With more than $3 billion of commercial mortgage-backed securities paper fully absorbed by the market over the last two weeks, and four deals neatly circled and priced, it is safe to say that CMBS currently appears robust.
But with remarkably similar-looking collateral for the latest spurt in issuance - and a handful of issuers who are trying to establish names for themselves during a time of low origination - observers predict that CMBS pools will become smaller as firms work separately and as investors increasingly pick and choose from identical-looking deals.
"It would have been nice to see some of these deals combined for more liquidity," said a CMBS researcher from a major Street firm. "But people are trying to establish names or labels, and as origination goes down we may see the pools become smaller."
"There were four deals in a row here that almost looked like identical twins," said another market player. "If combined, each of the loans would have had less individual exposure."
Indeed, the four CMBS transactions that hit the tape over the last two weeks - a $802 million issue, PNC-CMAC 2000-C1, a $886 million deal from DLJ, DLJ CMC 2000-CF1, the Chase Commercial Mortgage Securities 2000-2 for $738 million, and the Pru/SSB/McDonald Investment KeyBank Commercial Mortgage Trust 2000-C1 deal, for $818 million - all contained pools that were very similar, making it tough for investors to distinguish between them.
"The noteworthy thing about them is that there was nothing noteworthy about them," said Darrell Wheeler, a CMBS researcher at Salomon Smith Barney. "But they priced very nicely, demonstrating the strength in the market."

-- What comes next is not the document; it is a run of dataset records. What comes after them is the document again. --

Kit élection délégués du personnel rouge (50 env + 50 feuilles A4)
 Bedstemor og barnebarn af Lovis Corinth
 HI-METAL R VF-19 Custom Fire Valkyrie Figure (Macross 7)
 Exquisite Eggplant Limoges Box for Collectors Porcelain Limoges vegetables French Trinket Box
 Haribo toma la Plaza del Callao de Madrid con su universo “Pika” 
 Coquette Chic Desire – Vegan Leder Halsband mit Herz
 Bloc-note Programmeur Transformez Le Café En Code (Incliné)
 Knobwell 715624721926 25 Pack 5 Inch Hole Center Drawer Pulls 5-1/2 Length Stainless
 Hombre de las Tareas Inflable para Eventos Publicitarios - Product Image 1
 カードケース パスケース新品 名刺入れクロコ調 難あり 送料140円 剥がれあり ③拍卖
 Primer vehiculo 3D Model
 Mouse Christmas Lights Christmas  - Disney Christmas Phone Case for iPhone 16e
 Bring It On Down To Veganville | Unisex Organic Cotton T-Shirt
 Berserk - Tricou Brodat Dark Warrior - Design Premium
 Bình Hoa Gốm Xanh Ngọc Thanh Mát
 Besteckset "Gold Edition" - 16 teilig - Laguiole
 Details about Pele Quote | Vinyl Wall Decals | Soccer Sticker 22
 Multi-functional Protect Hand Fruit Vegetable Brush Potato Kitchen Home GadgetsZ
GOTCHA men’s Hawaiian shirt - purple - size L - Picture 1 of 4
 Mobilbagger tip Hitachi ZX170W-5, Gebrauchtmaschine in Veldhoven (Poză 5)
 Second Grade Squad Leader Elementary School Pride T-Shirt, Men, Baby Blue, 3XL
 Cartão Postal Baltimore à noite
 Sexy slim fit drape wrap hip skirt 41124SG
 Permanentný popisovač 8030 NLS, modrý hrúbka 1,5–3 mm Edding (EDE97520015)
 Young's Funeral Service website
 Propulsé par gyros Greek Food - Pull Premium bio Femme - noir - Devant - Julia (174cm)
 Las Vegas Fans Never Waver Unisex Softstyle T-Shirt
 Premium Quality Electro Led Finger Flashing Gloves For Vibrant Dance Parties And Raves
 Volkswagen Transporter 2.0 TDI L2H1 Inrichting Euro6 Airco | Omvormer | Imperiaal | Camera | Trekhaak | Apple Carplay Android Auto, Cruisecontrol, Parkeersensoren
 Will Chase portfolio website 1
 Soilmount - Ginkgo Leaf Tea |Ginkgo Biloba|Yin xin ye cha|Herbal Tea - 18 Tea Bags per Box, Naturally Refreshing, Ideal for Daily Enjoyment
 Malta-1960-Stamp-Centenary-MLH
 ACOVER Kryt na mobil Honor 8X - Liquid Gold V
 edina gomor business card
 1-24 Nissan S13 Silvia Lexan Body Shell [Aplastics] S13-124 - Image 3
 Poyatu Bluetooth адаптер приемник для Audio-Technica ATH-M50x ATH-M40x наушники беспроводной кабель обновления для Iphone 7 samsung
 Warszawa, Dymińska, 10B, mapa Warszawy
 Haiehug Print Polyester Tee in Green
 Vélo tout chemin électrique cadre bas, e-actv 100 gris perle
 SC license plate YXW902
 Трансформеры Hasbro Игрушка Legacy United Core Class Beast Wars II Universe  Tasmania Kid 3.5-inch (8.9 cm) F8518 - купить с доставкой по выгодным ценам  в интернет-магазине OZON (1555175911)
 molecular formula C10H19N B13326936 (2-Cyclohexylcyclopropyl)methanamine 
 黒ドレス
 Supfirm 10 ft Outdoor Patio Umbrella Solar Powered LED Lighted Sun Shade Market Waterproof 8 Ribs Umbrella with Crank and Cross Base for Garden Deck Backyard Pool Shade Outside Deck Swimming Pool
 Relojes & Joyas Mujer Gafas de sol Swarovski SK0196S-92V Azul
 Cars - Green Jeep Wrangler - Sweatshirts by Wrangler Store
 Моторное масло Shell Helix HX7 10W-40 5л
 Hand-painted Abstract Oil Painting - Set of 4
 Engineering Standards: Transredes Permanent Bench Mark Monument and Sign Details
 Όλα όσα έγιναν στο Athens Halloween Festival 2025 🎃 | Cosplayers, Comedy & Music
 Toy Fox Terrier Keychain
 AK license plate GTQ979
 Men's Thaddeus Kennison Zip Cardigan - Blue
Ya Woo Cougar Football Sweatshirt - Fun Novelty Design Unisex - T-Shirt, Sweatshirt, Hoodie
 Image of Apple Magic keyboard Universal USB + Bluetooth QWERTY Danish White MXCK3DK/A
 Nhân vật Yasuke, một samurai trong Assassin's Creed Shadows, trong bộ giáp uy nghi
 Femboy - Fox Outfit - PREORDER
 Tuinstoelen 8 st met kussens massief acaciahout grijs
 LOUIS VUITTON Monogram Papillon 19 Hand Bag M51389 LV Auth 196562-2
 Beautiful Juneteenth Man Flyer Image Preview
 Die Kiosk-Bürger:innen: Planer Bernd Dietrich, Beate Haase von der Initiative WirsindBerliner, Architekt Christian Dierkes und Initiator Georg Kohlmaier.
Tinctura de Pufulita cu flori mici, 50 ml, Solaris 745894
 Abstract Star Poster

Still, had these deals - which averaged around $800 million - been combined into one conduit worth $1.5 billion, there would be more liquidity in them, and the subordination levels would have been a percent lower.
"This would have given it better diversity," a source said.
In some of the pools for these deals, a few of the loans were more than 5% of the pool; but if the deals were combined in some way, those loans would comprise less than 2.5% of the pool.
"The KeyBank deal has no loan greater than 3.7% of the pool, which is great, but it would be even more fabulous if it had no loan greater than 2% of the pool," Wheeler said.
Still, it is clear that the market is deep, sources say, and the two well diversified loans and one "lumpy" pool represented in the deals were absorbed very easily by the market. On the PNC deal, the ten largest loans comprised 23% of the deal, on the KeyBank deal the ten largest comprised 24%, for Chase, 41%, and for DLJ, 43%.
"I think it is very difficult, with this many parties involved, to combine deals," an observer said. "Eventually the market might go back to that, but for right now the deals are going to stay in the $700 million to $800 million size."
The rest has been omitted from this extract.